[Caption-style text data]
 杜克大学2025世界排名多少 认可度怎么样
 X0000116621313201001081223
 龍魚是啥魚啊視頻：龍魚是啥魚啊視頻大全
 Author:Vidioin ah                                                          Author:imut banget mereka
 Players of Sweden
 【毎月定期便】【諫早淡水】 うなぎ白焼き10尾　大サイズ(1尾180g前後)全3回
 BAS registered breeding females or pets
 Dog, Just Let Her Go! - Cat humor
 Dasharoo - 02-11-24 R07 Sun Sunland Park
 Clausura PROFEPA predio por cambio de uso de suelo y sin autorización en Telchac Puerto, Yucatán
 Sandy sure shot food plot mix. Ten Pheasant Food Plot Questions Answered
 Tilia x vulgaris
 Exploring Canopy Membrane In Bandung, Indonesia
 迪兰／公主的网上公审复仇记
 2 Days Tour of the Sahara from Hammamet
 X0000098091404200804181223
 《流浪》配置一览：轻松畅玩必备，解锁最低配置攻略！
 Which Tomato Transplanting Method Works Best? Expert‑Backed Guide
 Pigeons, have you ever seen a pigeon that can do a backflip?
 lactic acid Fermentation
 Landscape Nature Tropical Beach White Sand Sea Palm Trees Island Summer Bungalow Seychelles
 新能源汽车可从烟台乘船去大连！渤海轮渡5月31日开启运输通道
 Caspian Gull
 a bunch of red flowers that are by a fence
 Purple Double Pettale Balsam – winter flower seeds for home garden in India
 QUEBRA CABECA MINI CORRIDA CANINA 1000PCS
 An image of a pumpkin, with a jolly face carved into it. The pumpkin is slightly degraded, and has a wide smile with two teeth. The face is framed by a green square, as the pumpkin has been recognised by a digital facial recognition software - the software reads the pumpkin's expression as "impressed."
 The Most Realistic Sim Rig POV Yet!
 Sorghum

**WHAT THE TASK REQUIRES**
Retype the first line of the entries and every line after it, please, through the line that contains "迪兰／公主的网上公审复仇记". Add nothing.

**WRITTEN ANSWER**
 杜克大学2025世界排名多少 认可度怎么样
 X0000116621313201001081223
 龍魚是啥魚啊視頻：龍魚是啥魚啊視頻大全
 Author:Vidioin ah                                                          Author:imut banget mereka
 Players of Sweden
 【毎月定期便】【諫早淡水】 うなぎ白焼き10尾　大サイズ(1尾180g前後)全3回
 BAS registered breeding females or pets
 Dog, Just Let Her Go! - Cat humor
 Dasharoo - 02-11-24 R07 Sun Sunland Park
 Clausura PROFEPA predio por cambio de uso de suelo y sin autorización en Telchac Puerto, Yucatán
 Sandy sure shot food plot mix. Ten Pheasant Food Plot Questions Answered
 Tilia x vulgaris
 Exploring Canopy Membrane In Bandung, Indonesia
 迪兰／公主的网上公审复仇记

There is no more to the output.